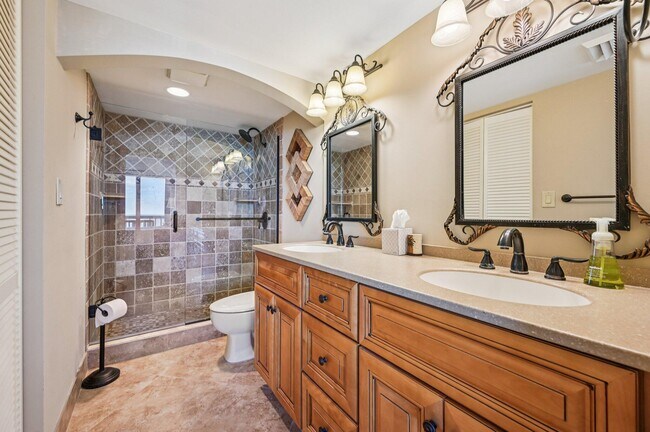 Building Photo - 8880 S Ocean Dr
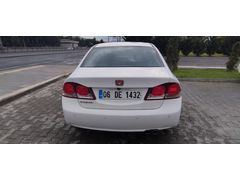 Sahibinden Honda Civic 1.6 Elegance 2011 Model  205.000 km Beyaz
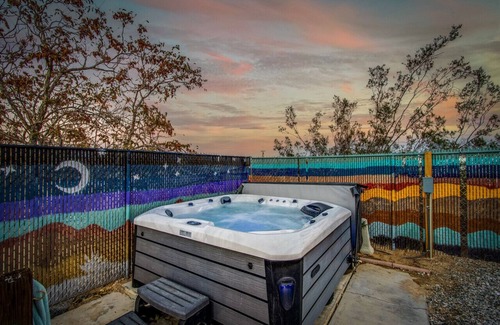 Joshua Tree House | Desert Escape + Casita:Pickleball, Fire Pit, Stars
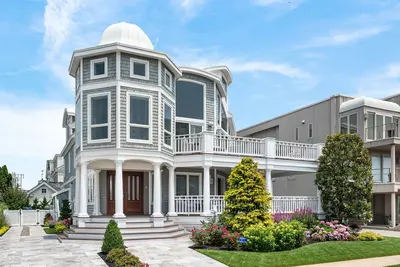 Image de This beautiful home is second from the ocean and has 6 bedrooms and 5 full baths.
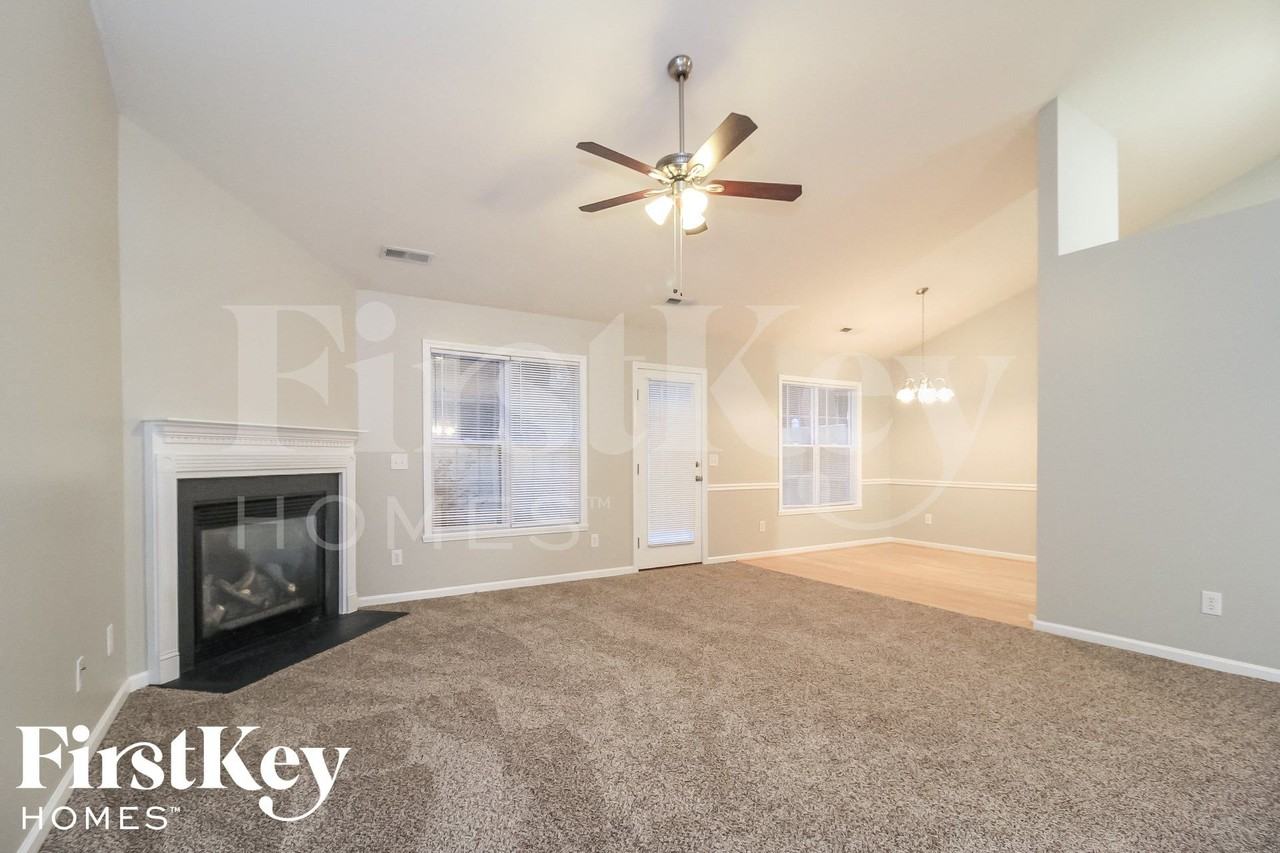 4040 Creekside Ct - Photo 3 of 14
----
◆ ACTION ITEM
Restate word for word the lines from the one with "Image de This" to the end of the material, both included. Do not include the pictures.

◆ RESPONSE TO THE TASK
 Image de This beautiful home is second from the ocean and has 6 bedrooms and 5 full baths.
 4040 Creekside Ct - Photo 3 of 14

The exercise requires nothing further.